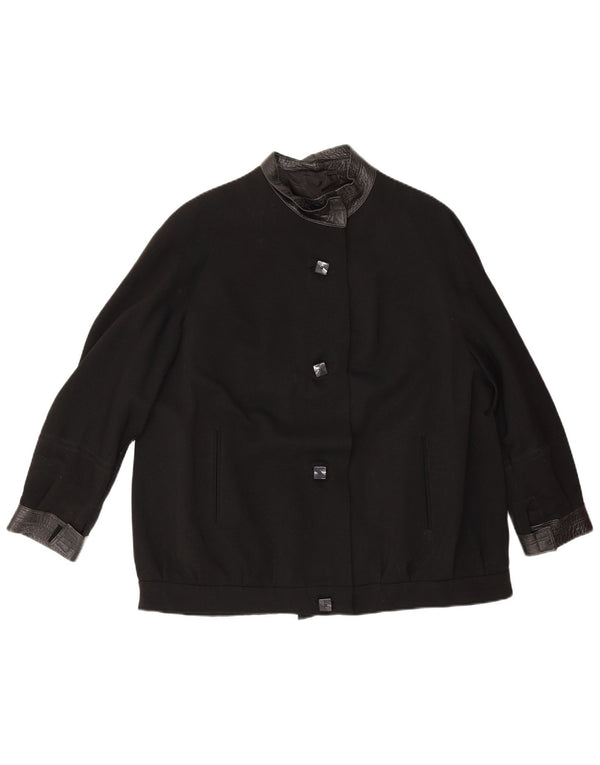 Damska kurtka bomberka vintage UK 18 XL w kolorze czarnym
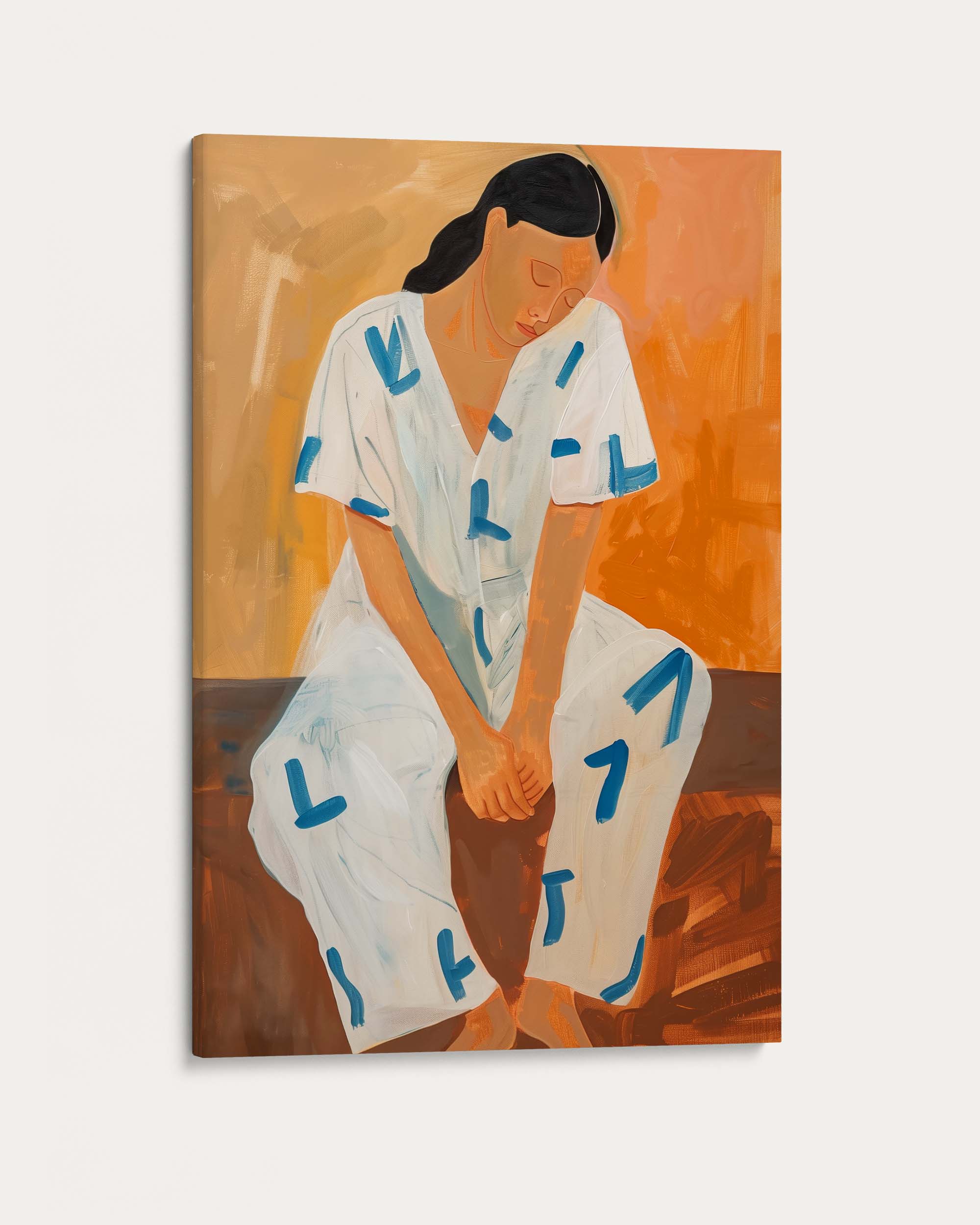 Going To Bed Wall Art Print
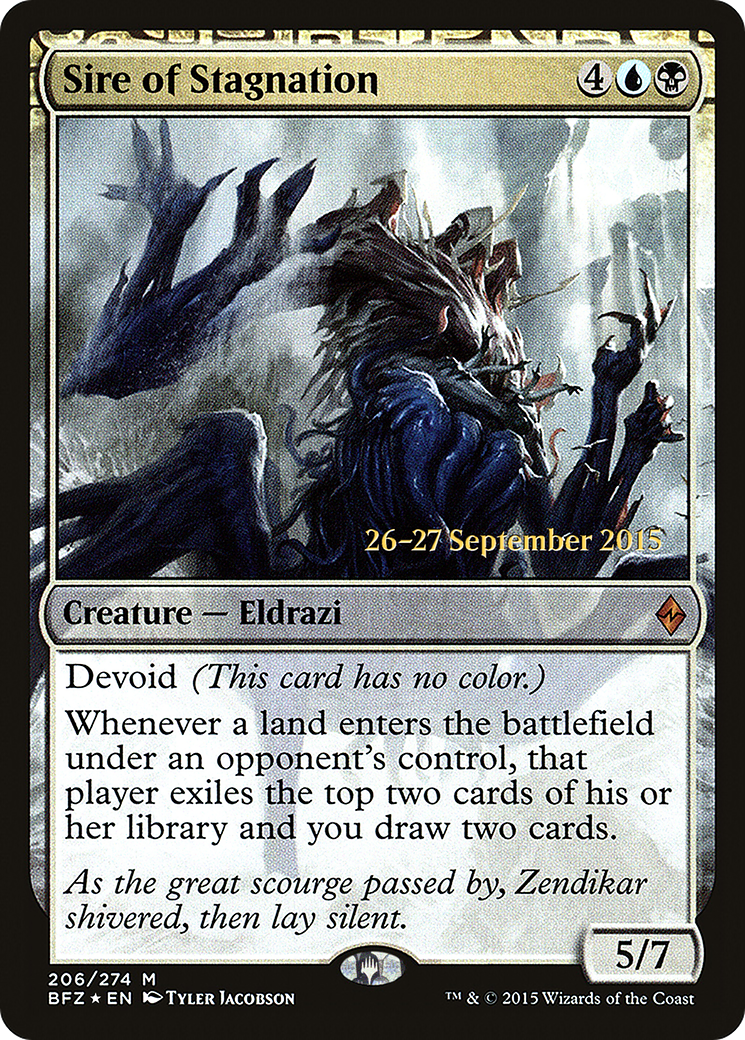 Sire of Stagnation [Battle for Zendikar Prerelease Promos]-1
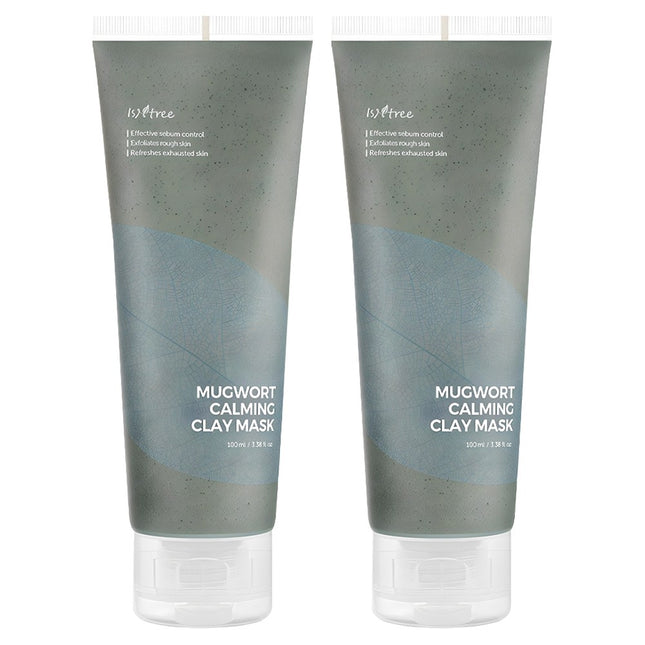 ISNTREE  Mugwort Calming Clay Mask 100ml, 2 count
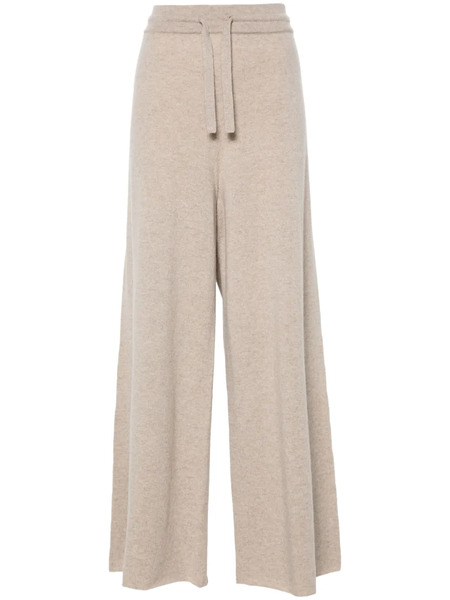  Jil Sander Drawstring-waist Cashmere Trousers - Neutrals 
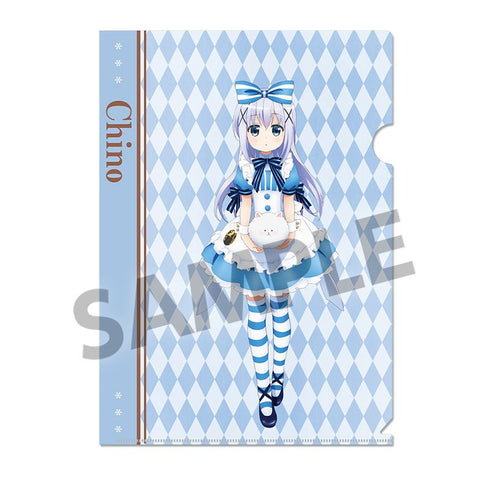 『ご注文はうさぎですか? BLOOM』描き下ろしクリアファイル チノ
==
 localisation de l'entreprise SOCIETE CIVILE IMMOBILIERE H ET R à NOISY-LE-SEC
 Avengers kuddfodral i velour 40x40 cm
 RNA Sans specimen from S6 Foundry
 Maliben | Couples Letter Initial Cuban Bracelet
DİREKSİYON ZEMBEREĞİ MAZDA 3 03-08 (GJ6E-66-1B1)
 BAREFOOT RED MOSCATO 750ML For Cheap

Work order
Nothing should appear in the answer except the lines above from the line with "DİREKSİYON ZEMBEREĞİ MAZDA" through the line with "BAREFOOT RED MOSCATO 750ML For Cheap", both included, written out exactly.

Solution to this exercise
DİREKSİYON ZEMBEREĞİ MAZDA 3 03-08 (GJ6E-66-1B1)
 BAREFOOT RED MOSCATO 750ML For Cheap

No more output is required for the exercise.